Recorded data

=== Section Start ===

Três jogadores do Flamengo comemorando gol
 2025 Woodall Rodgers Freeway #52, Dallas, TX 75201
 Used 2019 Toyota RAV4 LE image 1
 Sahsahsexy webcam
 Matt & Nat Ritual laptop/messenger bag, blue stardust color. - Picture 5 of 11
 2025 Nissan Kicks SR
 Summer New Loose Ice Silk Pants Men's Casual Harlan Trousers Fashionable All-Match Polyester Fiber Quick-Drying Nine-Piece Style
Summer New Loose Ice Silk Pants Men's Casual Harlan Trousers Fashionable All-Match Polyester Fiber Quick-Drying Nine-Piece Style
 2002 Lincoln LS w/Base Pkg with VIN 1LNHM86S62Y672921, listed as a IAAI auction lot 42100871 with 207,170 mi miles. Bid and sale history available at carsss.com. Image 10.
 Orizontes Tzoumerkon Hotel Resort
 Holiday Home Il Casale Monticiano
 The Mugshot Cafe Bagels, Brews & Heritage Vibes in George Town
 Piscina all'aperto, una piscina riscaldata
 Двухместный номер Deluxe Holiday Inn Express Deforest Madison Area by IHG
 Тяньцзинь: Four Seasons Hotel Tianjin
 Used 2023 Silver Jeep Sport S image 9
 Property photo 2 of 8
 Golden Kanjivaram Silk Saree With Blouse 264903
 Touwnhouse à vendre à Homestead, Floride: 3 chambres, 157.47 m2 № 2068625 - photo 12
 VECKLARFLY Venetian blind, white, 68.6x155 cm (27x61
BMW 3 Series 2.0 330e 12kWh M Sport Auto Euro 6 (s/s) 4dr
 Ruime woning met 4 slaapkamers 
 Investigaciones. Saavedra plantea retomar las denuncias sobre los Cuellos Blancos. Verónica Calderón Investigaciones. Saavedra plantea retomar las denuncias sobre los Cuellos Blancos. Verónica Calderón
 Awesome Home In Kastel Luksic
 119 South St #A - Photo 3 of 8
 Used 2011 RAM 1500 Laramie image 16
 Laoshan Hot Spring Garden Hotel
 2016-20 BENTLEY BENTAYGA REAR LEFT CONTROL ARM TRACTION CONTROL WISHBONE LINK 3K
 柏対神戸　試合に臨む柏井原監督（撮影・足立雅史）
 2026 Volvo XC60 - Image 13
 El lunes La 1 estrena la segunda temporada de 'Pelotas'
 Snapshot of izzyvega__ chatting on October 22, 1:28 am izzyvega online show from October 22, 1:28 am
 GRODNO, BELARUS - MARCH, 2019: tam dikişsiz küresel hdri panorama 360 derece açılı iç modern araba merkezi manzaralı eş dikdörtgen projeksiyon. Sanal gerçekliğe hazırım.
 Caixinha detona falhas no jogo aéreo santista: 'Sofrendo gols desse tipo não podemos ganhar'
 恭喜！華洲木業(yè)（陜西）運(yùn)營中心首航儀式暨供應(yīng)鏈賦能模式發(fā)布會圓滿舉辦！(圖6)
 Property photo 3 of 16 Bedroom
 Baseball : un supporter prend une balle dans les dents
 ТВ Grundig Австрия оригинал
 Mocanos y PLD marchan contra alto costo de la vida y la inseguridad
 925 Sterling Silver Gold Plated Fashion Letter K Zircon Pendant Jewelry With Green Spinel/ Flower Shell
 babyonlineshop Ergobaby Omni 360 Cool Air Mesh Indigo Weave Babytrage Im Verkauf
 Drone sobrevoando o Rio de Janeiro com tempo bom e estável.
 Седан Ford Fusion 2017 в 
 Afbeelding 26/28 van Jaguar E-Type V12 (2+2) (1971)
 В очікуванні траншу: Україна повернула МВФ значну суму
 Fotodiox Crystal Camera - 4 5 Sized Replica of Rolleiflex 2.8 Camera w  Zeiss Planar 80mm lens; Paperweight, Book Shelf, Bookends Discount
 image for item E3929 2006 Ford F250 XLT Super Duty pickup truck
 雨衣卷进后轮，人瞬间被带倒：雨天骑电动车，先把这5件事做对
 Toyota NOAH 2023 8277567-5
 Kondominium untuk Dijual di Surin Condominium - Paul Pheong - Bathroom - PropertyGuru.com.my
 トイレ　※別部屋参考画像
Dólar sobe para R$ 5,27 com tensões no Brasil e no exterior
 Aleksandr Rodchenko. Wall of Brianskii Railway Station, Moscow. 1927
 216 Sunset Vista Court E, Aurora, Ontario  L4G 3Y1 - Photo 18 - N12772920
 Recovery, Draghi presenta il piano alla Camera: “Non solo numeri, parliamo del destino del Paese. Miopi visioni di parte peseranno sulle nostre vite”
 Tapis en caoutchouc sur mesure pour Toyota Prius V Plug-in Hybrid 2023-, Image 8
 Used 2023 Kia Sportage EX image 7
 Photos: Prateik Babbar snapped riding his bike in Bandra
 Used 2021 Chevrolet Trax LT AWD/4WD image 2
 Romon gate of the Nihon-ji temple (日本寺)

=== Section End ===

• Required action
Identify each line in the records above containing the word "Quick"; copy those lines.

• Response below
 Summer New Loose Ice Silk Pants Men's Casual Harlan Trousers Fashionable All-Match Polyester Fiber Quick-Drying Nine-Piece Style
Summer New Loose Ice Silk Pants Men's Casual Harlan Trousers Fashionable All-Match Polyester Fiber Quick-Drying Nine-Piece Style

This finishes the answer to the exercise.